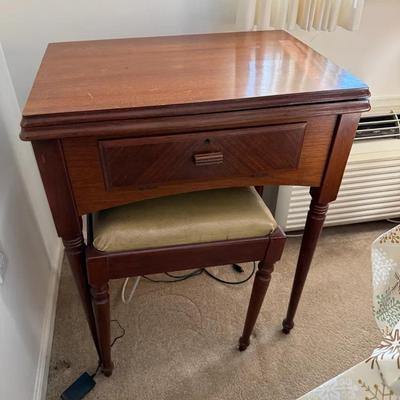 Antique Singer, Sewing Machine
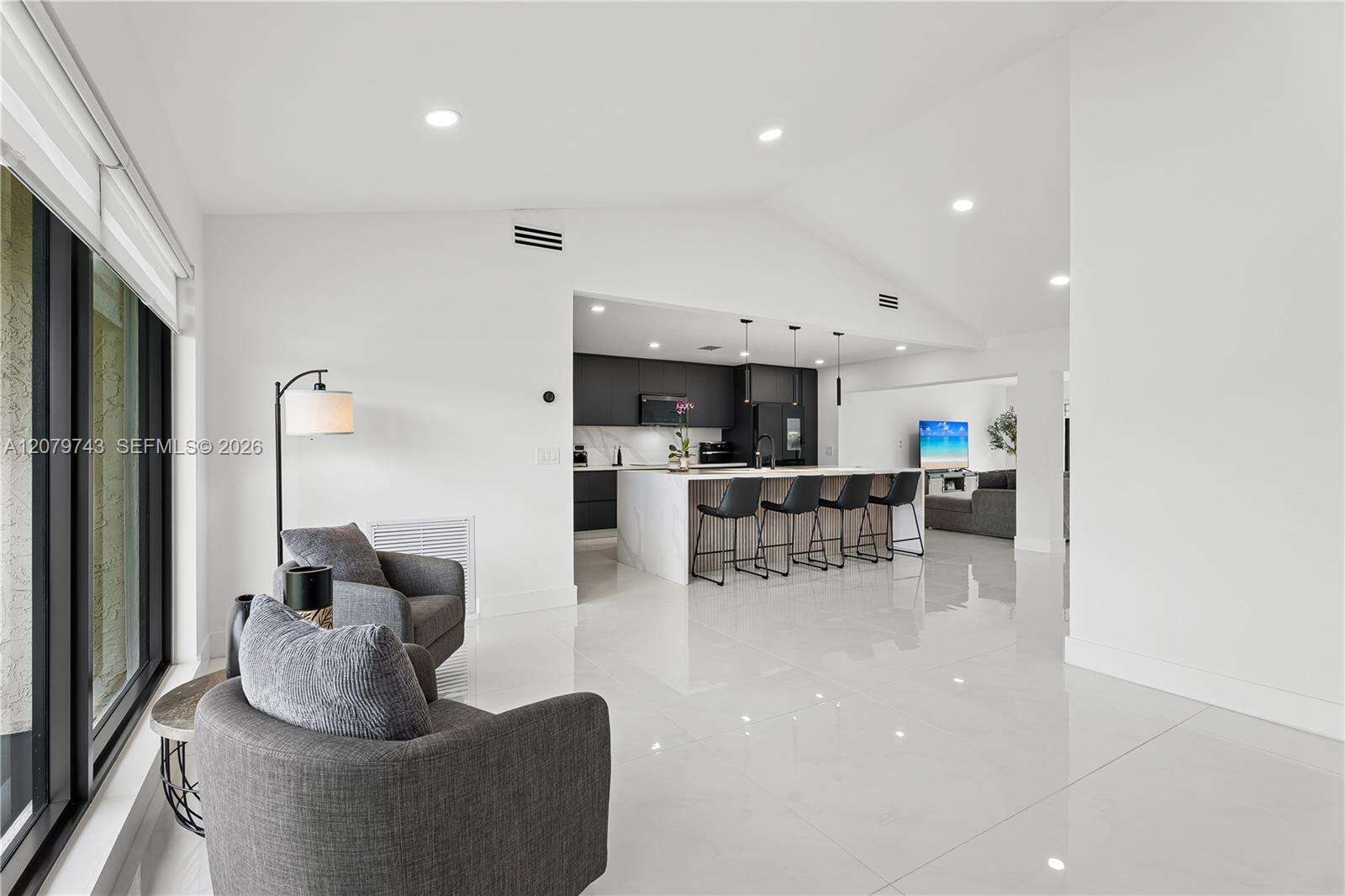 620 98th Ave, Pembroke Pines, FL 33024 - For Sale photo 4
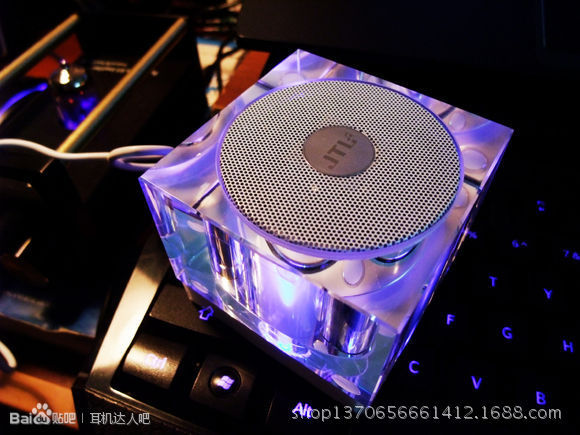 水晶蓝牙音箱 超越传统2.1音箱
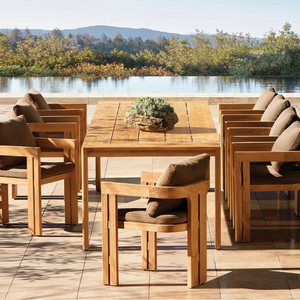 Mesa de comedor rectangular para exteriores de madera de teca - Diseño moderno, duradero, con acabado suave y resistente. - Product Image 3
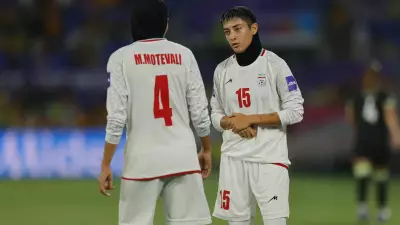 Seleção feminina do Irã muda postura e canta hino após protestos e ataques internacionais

------------------------------------------------------------

## YOUR TASK
The exact lines from the one containing "水晶蓝牙音箱 超越传统2.1音箱" through the end of the data are to be copied, with both ends kept and pictures left out.

## FINISHED EXERCISE
 水晶蓝牙音箱 超越传统2.1音箱
 Mesa de comedor rectangular para exteriores de madera de teca - Diseño moderno, duradero, con acabado suave y resistente. - Product Image 3
 Seleção feminina do Irã muda postura e canta hino após protestos e ataques internacionais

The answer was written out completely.